If statement doesn't look good

Dear guys, kindly help with a following situation:
I use to learn Dynamo software by watching some videos, that made in Dynamo version 2.0.2. I do these lessons in Dynamo 2.19.3. I have uploaded two pictures, on the first picture shown how I expect command “if” to work, on the second picture is what i have)
Any ideas what is wrong there?

If didn’t used to keep list levels and lacing as an input - notice the newer build has > to the right side of the inout, and a lacing icon in the lower right, while the older build has neither of those features.

As a result there was no replication applied, and when mismatching lists lengths were provided you only got the shorter of the two. There are a BUNCH of posts about work-arounds to control that behavior in the older build, but newer ones are much less problematic and so there aren’t many examples of controlling them.

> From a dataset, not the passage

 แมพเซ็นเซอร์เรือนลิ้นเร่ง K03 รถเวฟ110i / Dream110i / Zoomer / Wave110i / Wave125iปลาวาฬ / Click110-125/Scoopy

For your case, try setting the list levels for the ‘true’ and ‘false’ inputs, and set the lacing level to shortest.

1 Like

We really just need a ‘smart If’ and ‘dumb If’ node I think. Amazing that such a simple concept is still not working in principle.

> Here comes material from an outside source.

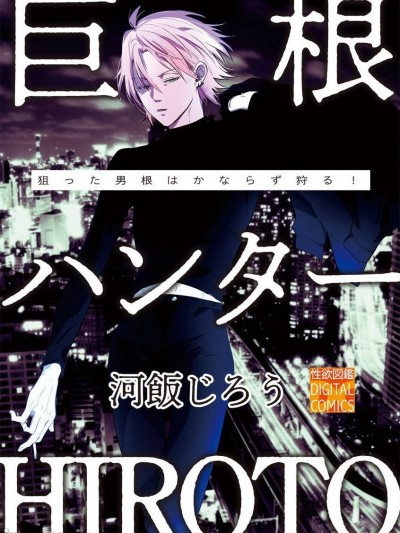 巨根猎人HIROTO [冒险者公会] [河饭じろう] 巨根ハンターHIROTO [中国翻訳] [DL版]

If you need, I have an ‘if then else’ node in Crumple package in Python which will literally just give you the true or false branch.

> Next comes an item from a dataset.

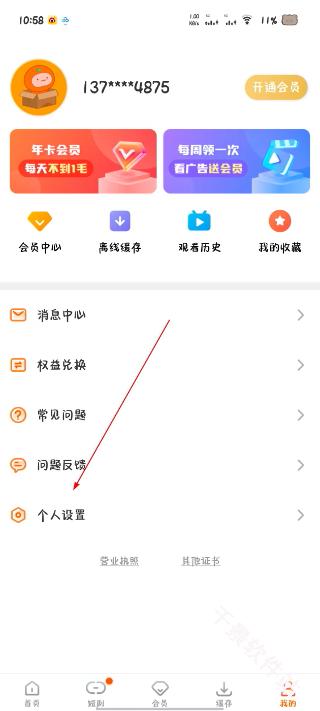 风行视频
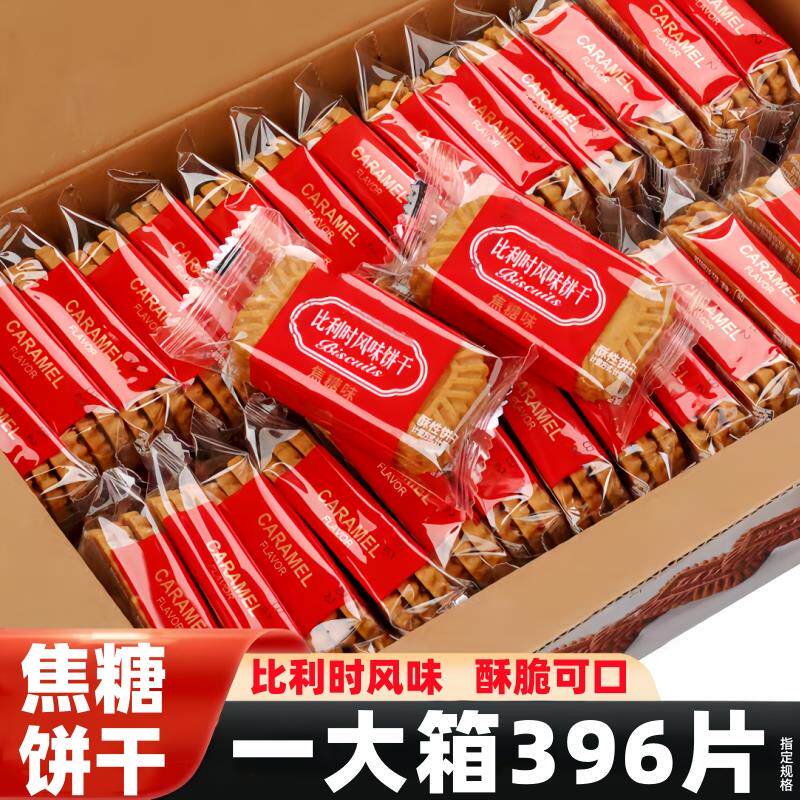新日期比利时风味焦糖饼干单独小包装早餐儿童零食休闲饼干咖啡伴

I think the new If node works as both, but people need to learn how to use Dynamo to leverage it first. Sadly this does mean that people trying to learn (such as @ik-tv) need to focus on tutorials for the new builds. The “old learning content not working in new version” is likely going to rear it’s head a lot over he next year if some common packages don’t handle the .net upgrade. Think back on the year or two when everyone was looking to use Lunchbox and Bakery but they stopped being supported.

Sadly this is an out of the box node which makes it both an oddity and a larger issue… @emrullah.yildiz some stuff in here for consideration.

2 Likes

I appreciate the goal of providing nodes that work hand in hand with lacing/levels, but I’d suggest we just have a flip/flop node also which has no lacing/level inputs like the first If node if not already (thought we might have, not at desk to check now - without the list length issue of course).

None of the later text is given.